2D and 3D solutions are welcome. Solutions that produce a list of points at arbitrary granularity and solutions that produce control points for bezier curves are also appreciated.
Also, it would be cool to see an iterative solution that could approximate early sections of the curve as it received the points, so you could draw with it.
The Catmull-Rom spline is guaranteed to pass through all the control points. I find this to be handier than trying to adjust intermediate control points for other types of splines.
This PDF by Christopher Twigg has a nice brief introduction to the mathematics of the spline. The best summary sentence is:
Catmull-Rom splines have C1
continuity, local control, and
interpolation, but do not lie within
the convex hull of their control
points.
Said another way, if the points indicate a sharp bend to the right, the spline will bank left before turning to the right (there's an example picture in that document). The tightness of those turns in controllable, in this case using his tau parameter in the example matrix.
Here is another example with some downloadable DirectX code.
One way is Lagrange polynominal, which is a method for producing a polynominal which will go through all given data points.
During my first year at university, I wrote a little tool to do this in 2D, and you can find it on this page, it is called Lagrange solver. Wikipedia's page also has a sample implementation.
How it works is thus: you have a n-order polynominal, p(x), where n is the number of points you have. It has the form a_n x^n + a_(n-1) x^(n-1) + ...+ a_0, where _ is subscript, ^ is power. You then turn this into a set of simultaneous equations:
p(x_1) = y_1
p(x_2) = y_2
...
p(x_n) = y_n
You convert the above into a augmented matrix, and solve for the coefficients a_0 ... a_n. Then you have a polynomial which goes through all the points, and you can now interpolate between the points.
Note however, this may not suit your purpose as it offers no way to adjust the curvature etc - you are stuck with a single solution that can not be changed.
You should take a look at B-splines. Their advantage over Bezier curves is that each part is only dependent on local points. So moving a point has no effect on parts of the curve that are far away, where "far away" is determined by a parameter of the spline.
The problem with the Langrange polynomial is that adding a point can have extreme effects on seemingly arbitrary parts of the curve; there's no "localness" like described above.
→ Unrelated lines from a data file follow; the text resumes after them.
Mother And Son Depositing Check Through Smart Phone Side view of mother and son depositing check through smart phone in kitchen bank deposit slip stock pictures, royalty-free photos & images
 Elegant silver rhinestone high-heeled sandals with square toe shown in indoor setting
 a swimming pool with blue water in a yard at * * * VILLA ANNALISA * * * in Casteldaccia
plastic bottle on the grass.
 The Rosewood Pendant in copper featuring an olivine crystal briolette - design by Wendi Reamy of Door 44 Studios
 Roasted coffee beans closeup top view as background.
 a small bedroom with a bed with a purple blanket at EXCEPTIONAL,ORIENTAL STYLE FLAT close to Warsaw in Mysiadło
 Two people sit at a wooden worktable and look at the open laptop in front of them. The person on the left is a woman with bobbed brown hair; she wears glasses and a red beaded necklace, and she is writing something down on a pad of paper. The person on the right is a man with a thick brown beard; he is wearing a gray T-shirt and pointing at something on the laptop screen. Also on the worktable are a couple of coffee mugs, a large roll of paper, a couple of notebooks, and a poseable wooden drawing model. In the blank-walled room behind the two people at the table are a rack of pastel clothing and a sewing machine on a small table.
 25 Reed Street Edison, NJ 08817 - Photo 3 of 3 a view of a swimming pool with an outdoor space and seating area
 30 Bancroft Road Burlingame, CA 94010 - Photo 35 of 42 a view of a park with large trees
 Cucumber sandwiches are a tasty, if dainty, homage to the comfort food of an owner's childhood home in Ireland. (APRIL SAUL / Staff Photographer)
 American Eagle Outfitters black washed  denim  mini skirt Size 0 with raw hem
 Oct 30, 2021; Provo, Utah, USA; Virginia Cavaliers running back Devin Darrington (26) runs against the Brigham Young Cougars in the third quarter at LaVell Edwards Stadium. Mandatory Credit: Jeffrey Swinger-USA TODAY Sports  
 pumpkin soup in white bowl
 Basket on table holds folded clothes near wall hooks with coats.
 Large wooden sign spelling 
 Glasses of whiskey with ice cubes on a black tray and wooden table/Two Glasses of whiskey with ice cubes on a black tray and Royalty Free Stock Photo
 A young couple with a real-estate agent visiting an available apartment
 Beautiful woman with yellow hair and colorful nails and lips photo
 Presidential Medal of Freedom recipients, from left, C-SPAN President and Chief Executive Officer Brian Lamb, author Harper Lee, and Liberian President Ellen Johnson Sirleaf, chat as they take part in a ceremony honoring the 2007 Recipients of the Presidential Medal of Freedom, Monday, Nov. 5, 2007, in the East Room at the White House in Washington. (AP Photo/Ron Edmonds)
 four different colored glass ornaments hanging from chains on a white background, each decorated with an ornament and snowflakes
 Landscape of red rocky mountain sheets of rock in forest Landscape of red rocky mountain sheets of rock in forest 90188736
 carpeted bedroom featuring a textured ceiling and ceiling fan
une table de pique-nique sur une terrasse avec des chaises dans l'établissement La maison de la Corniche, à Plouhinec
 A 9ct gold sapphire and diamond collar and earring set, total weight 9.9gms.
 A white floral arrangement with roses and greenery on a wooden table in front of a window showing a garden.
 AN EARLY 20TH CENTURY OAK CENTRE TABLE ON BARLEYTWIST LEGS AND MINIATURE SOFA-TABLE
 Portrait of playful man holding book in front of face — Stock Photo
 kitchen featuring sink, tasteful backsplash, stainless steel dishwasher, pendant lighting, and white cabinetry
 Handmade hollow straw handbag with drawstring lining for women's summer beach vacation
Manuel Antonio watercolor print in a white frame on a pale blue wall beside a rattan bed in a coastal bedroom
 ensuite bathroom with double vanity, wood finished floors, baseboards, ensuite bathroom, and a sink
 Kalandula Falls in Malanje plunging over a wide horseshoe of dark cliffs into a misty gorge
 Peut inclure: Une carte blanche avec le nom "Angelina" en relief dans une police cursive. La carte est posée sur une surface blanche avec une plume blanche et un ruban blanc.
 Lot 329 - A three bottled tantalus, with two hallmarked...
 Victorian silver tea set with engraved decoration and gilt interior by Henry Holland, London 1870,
Have you looked at the Unix spline command? Can that be coerced into doing what you want?
There are several algorithms for interpolating (and exrapolating) between an aribtrary (but final) set of points. You should check out numerical recipes, they also include C++ implementations of those algorithms.
Unfortunately the Lagrange or other forms of polynomial interpolation will not work on an arbitrary set of points. They only work on a set where in one dimension e.g. x
xi < xi+1
For an arbitary set of points, e.g. an aeroplane flight path, where each point is a (longitude, latitude) pair, you will be better off simply modelling the aeroplane's journey with current longitude & latitude and velocity. By adjusting the rate at which the aeroplane can turn (its angular velocity) depending on how close it is to the next waypoint, you can achieve a smooth curve.
The resulting curve would not be mathematically significant nor give you bezier control points. However the algorithm would be computationally simple regardless of the number of waypoints and could produce an interpolated list of points at arbitrary granularity. It would also not require you provide the complete set of points up front, you could simply add waypoints to the end of the set as required.
I came up with the same problem and implemented it with some friends the other day. I like to share the example project on github.
https://github.com/johnjohndoe/PathInterpolation
Feel free to fork it.
Google "orthogonal regression".
Whereas least-squares techniques try to minimize vertical distance between the fit line and each f(x), orthogonal regression minimizes the perpendicular distances.
Addendum
In the presence of noisy data, the venerable RANSAC algorithm is worth checking out too.
In the 3D graphics world, NURBS are popular. Further info is easily googled.